You can also plot the correlation matrix to visualize the new correlation between features:

corr_result = vm.tests.run_test(
    test_id="validmind.data_validation.PearsonCorrelationMatrix",
    inputs={"dataset": vm_raw_dataset_preprocessed},
)

Pearson Correlation Matrix

Pearson Correlation Matrix is designed to evaluate the extent of linear dependency between numerical variables in a dataset. The primary purpose is to identify potential redundancy by revealing high correlations, which can help in reducing the dimensionality of the dataset without significantly impacting the model's performance.

The test operates by generating a correlation matrix for all numerical variables using the Pearson correlation formula. This formula measures the linear relationship between two variables, producing a coefficient that ranges from -1 to 1. A value of 1 indicates a perfect positive linear relationship, -1 indicates a perfect negative linear relationship, and 0 indicates no linear relationship. The test visualizes this matrix as a heat map, where the color intensity represents the magnitude and direction of the correlation. High correlations, typically above 0.7 in absolute terms, are highlighted to indicate potential redundancy.

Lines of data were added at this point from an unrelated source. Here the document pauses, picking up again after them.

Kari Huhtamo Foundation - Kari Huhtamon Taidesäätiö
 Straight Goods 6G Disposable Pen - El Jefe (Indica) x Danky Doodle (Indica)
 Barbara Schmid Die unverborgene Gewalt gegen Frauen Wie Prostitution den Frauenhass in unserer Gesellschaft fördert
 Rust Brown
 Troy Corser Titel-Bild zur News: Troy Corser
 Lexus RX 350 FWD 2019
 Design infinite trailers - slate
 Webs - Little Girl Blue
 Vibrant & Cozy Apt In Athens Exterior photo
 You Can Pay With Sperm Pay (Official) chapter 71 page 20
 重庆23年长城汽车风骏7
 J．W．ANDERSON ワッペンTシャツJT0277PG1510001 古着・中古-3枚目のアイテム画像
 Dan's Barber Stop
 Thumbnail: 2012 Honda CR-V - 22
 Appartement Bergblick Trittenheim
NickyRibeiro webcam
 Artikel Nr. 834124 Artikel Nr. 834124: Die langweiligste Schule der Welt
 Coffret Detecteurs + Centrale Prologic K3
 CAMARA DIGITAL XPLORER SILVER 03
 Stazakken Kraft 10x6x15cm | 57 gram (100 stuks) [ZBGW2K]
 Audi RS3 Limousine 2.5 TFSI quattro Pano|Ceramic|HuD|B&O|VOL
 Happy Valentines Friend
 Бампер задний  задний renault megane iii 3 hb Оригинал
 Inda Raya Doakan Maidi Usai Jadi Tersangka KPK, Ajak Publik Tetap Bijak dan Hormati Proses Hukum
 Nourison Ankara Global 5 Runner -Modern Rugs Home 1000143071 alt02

The primary advantages of this test include its ability to detect and quantify the linearity of relationships between variables, which aids in identifying redundant variables. This can simplify models and potentially improve performance by reducing complexity. The heatmap visualization provides an intuitive overview of correlations, making it accessible even to users who may not be comfortable with numerical matrices. This visual representation helps in quickly identifying areas of concern or interest within the dataset.

It should be noted that this test is limited to detecting linear relationships, potentially missing non-linear dependencies that could also be important for dimensionality reduction. It measures only the degree of linear relationship, not the strength of one variable's effect on another. The chosen threshold of 0.7 for high correlation is somewhat arbitrary and might exclude valid dependencies with lower coefficients. Additionally, a large number of highly correlated variables can indicate redundancy, posing a risk of overfitting if not addressed.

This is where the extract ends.